But if we want to bikeshed and look for an operator that orders things 
the same way as function application and composition...
record.field
vs
field at record
.
"@" is already reserved.  It could bind more tightly than function 
application and type-inference differently.  Because it's reserved, it 
doesn't need to require no-spaces-around-it.
Here's example from that TDNR page:
typical OO: "x.f(3).g(v,w).h"
how it would have to be in Haskell+TDNR-dot-syntax: "((x.f 3).g v w).h"
or with @ instead of .: "h@(g@(f at x 3) v w)"
Which is IMHO only minorly better... but then again, the Frege-ish 
record proposal might only be doing TDNR for records specifically.
(more syntax and semantic discussion at 
http://www.haskell.org/haskellwiki/TypeDirectedNameResolution ).

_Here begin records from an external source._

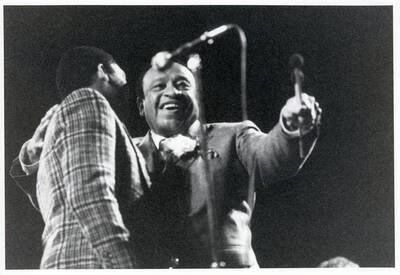 10" x 8" black and white photograph. Lionel Hampton hugging Wynton Marsalis on stage at the 1989 Lionel Hampton-Chevron Jazz Festival.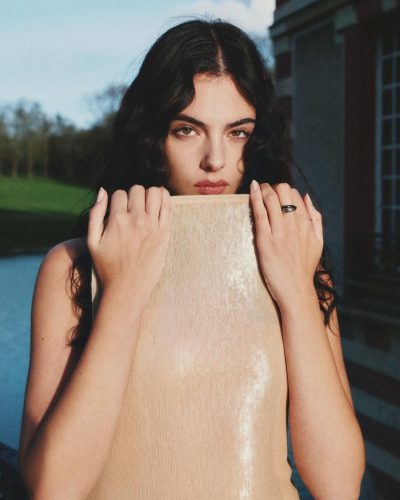 Deva Cassel in a comfortable floral dress with flowing silhouette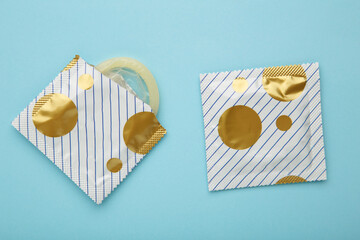 Condoms on blue background. A condom use to reduce the probability of pregnancy or sexually...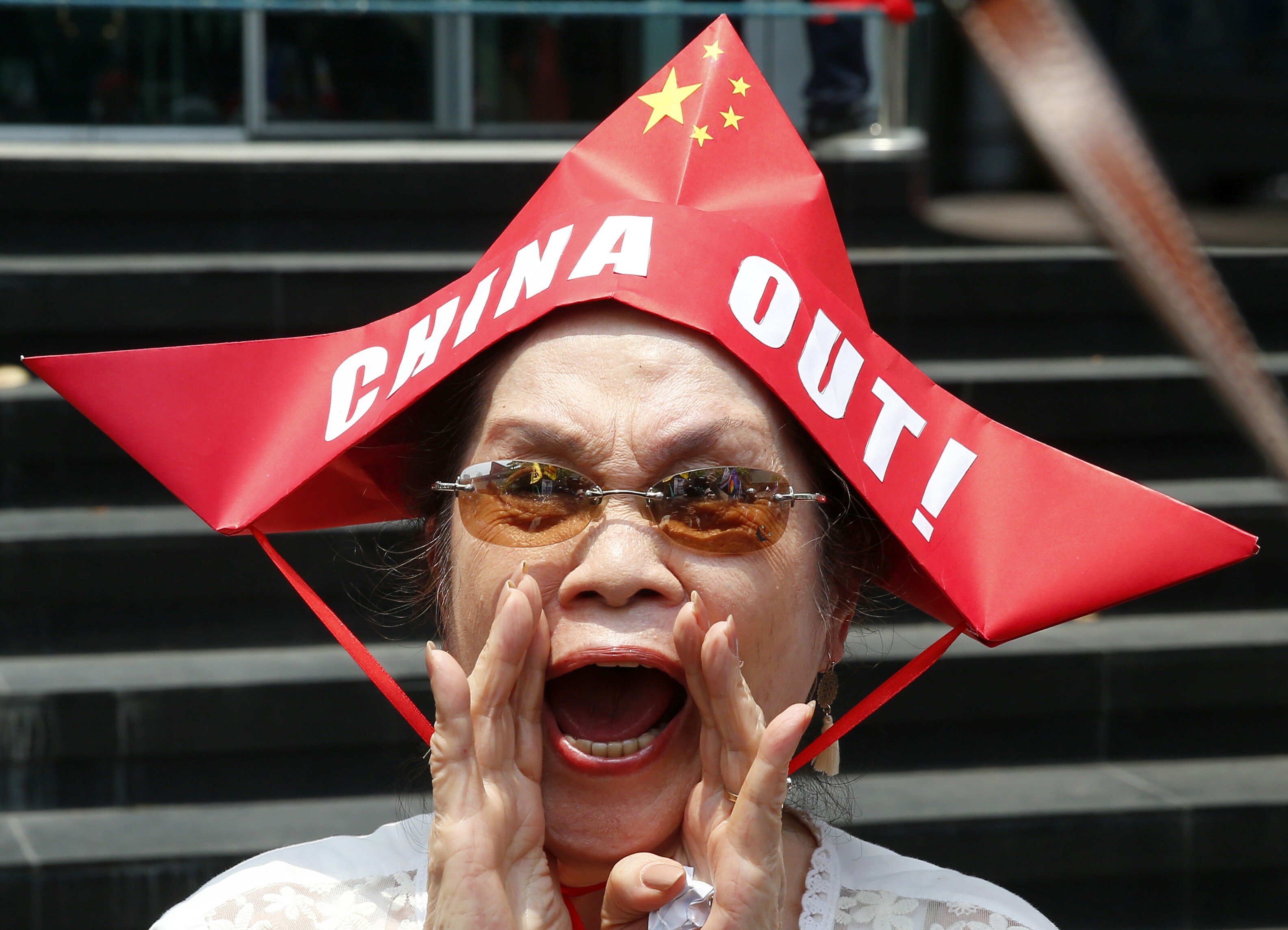 A protester wearing a boat-shaped hat shouts slogans against China’s incursions in the South China Sea. While Philippine diplomats work to strengthen relations with Beijing, there is strong anti-China sentiment among Filipinos. Photo: AP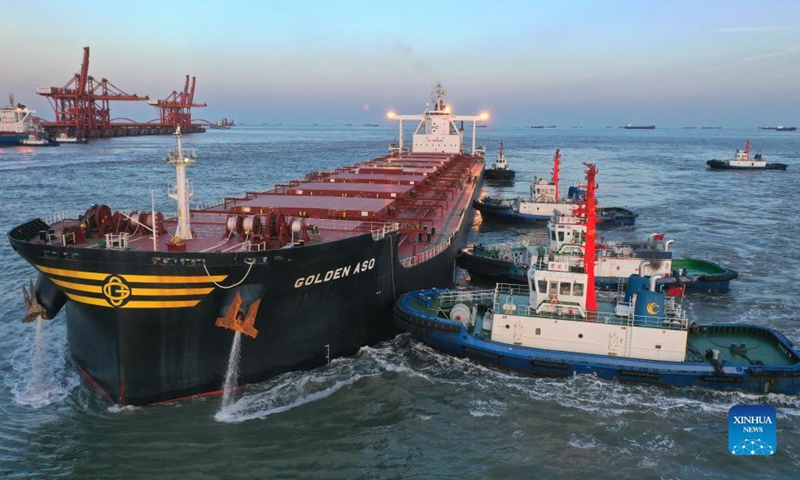 Aerial photo taken on Oct. 20, 2021 shows a bulk carrier berthing at ore wharf of Caofeidian Port in Tangshan, north China's Hebei Province. Photo: Xinhua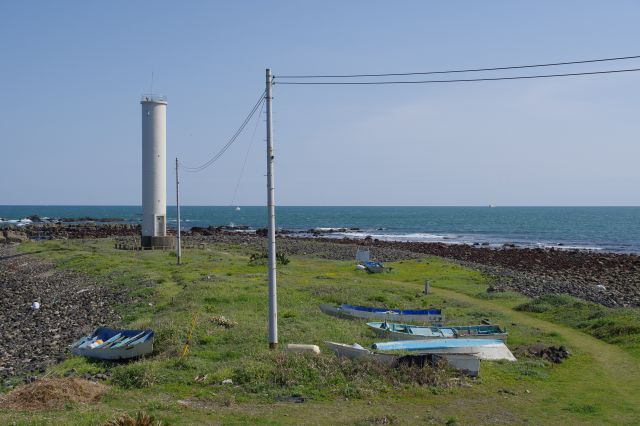円柱の灯台は「長崎鼻一ノ島照射灯」、一ノ島の岩礁を固定的に照らしています。船が置かれた荒涼とした雰囲気や水平線も良い情景。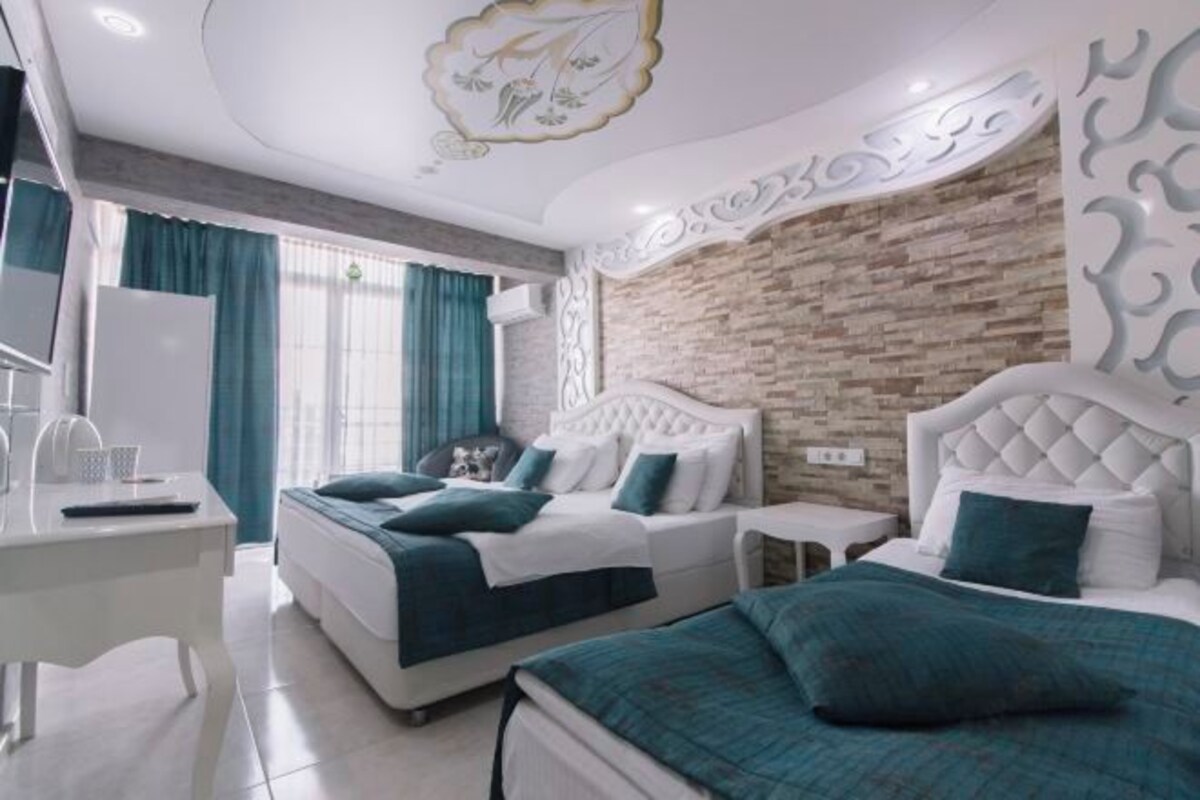 A modern hotel room with two beds, a desk, and a TV.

...I kind of like @, but think it's a bikeshed: I claim that, if we work 
out the semantics (big "if"!), that not enough of us are going to say 
"it's better to have no records than dot-syntax records" [ditto for 
every other syntax] that the best decision would be "no records!".  If 
this becomes a popular bikeshed, we might just try straw-polling and 
picking what's popular (rather than get distracted and waste a year -- a 
common discussion outcome!).  (Though, feelings might be stronger than 
most bikesheds, for such a core language + syntax change...hmm.)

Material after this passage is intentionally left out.